▶ **REQUIRED WORK**
Include no pictures. Output exactly the lines from the one that contains "37K views ·" through the final line of the entries.

▶ **Caption-style text data**

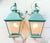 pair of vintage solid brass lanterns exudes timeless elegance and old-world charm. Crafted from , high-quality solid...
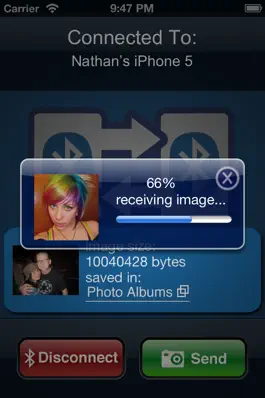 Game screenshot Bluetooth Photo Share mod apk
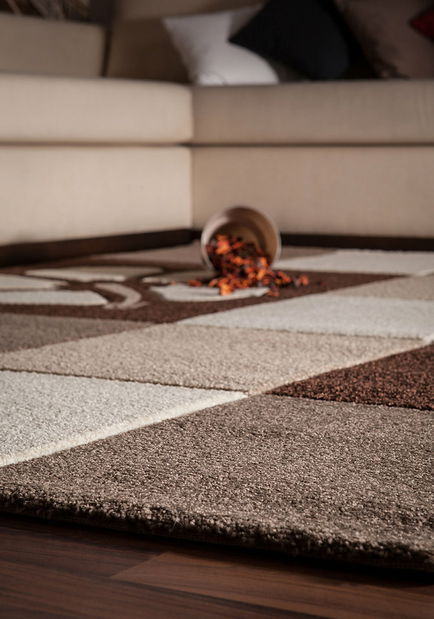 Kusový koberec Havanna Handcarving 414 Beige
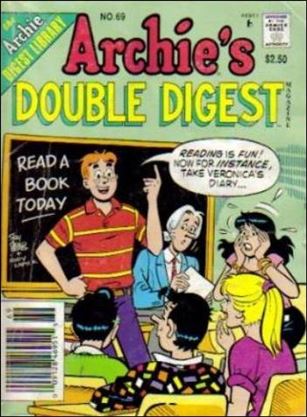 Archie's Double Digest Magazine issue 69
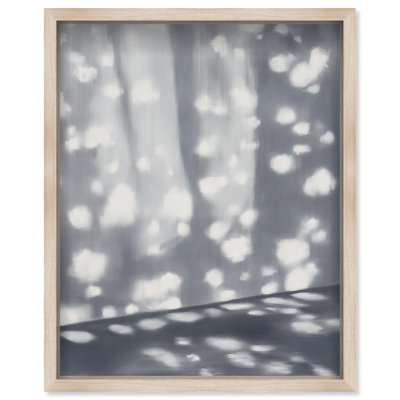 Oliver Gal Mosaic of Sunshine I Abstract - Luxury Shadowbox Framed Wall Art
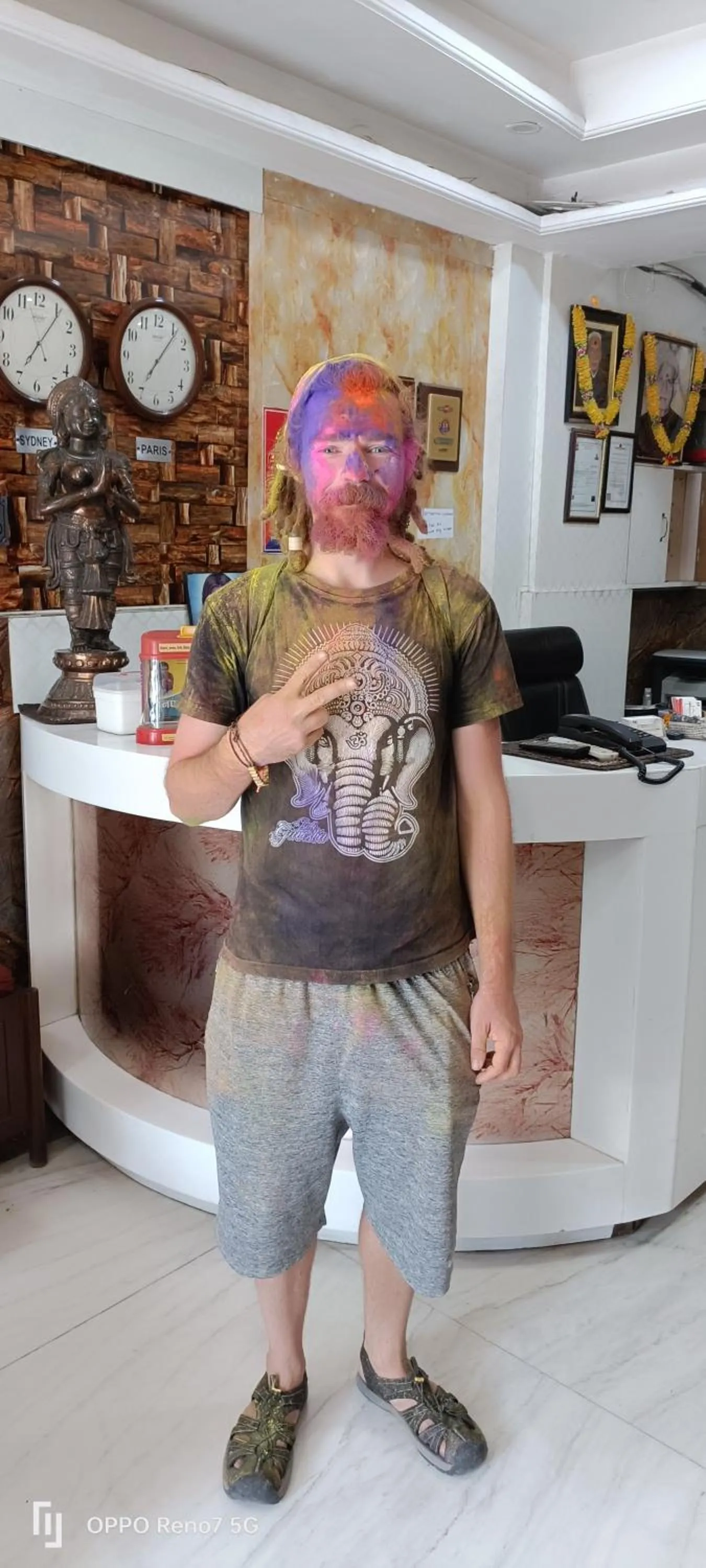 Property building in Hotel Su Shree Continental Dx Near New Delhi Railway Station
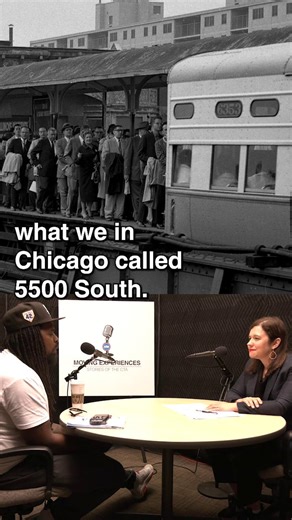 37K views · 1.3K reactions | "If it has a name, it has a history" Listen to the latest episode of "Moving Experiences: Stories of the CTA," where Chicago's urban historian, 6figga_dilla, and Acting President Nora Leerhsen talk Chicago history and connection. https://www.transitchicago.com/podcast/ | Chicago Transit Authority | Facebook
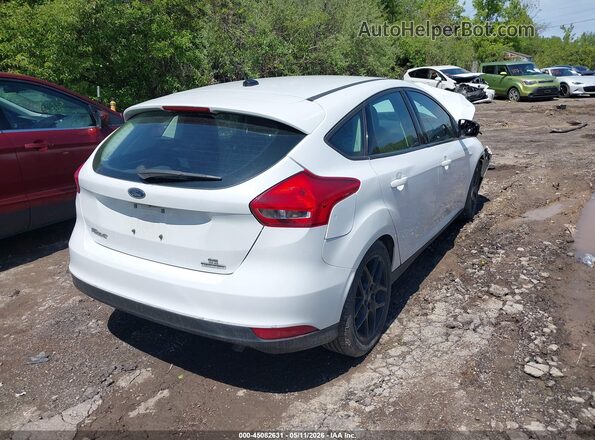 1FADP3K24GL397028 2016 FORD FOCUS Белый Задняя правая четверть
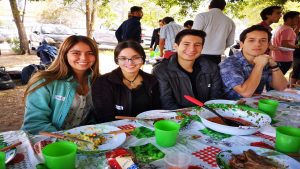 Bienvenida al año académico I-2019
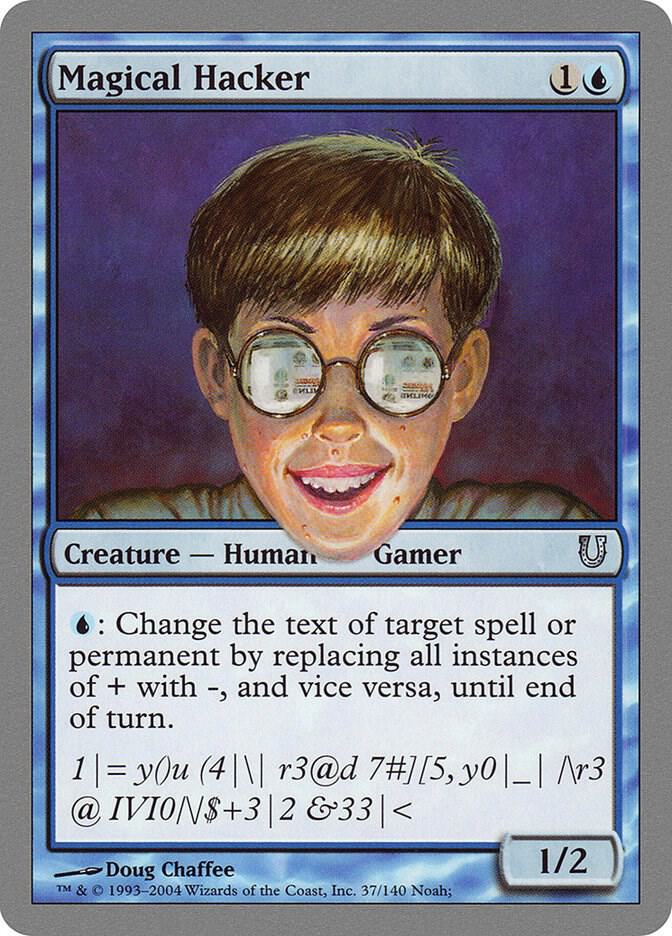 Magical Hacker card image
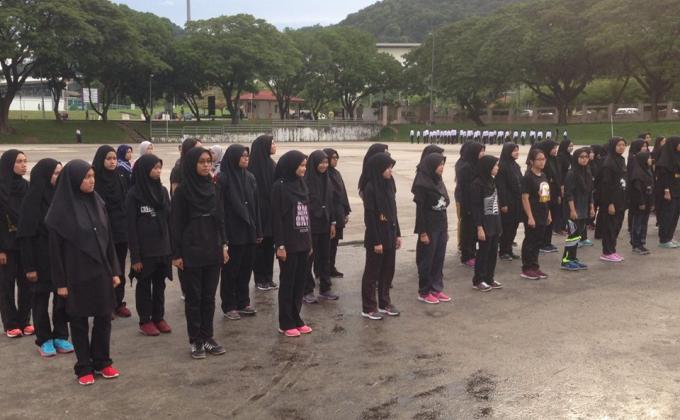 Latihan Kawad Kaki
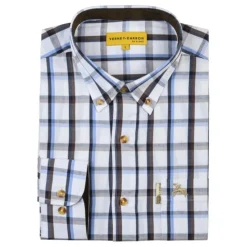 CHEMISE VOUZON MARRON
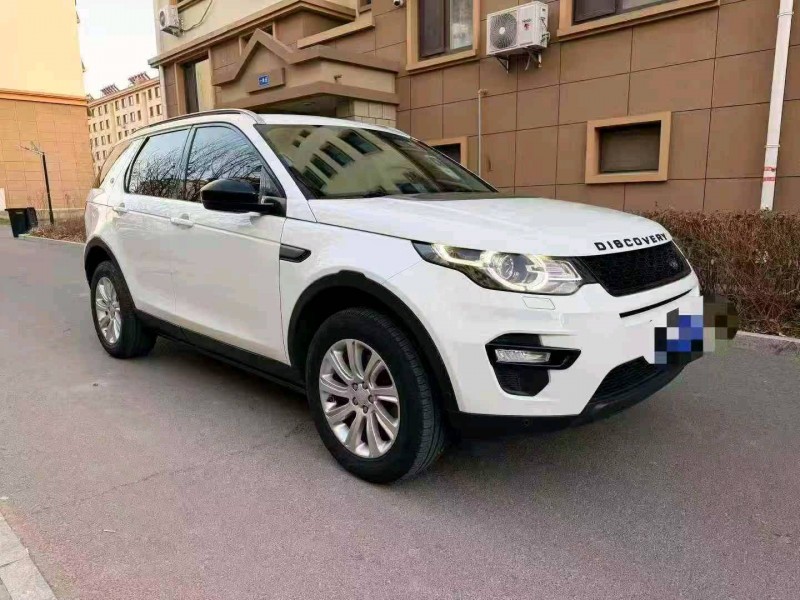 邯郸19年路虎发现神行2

▶ **RESPONSE AREA**
 37K views · 1.3K reactions | "If it has a name, it has a history" Listen to the latest episode of "Moving Experiences: Stories of the CTA," where Chicago's urban historian, 6figga_dilla, and Acting President Nora Leerhsen talk Chicago history and connection. https://www.transitchicago.com/podcast/ | Chicago Transit Authority | Facebook
 1FADP3K24GL397028 2016 FORD FOCUS Белый Задняя правая четверть
 Bienvenida al año académico I-2019
 Magical Hacker card image
 Latihan Kawad Kaki
 CHEMISE VOUZON MARRON
 邯郸19年路虎发现神行2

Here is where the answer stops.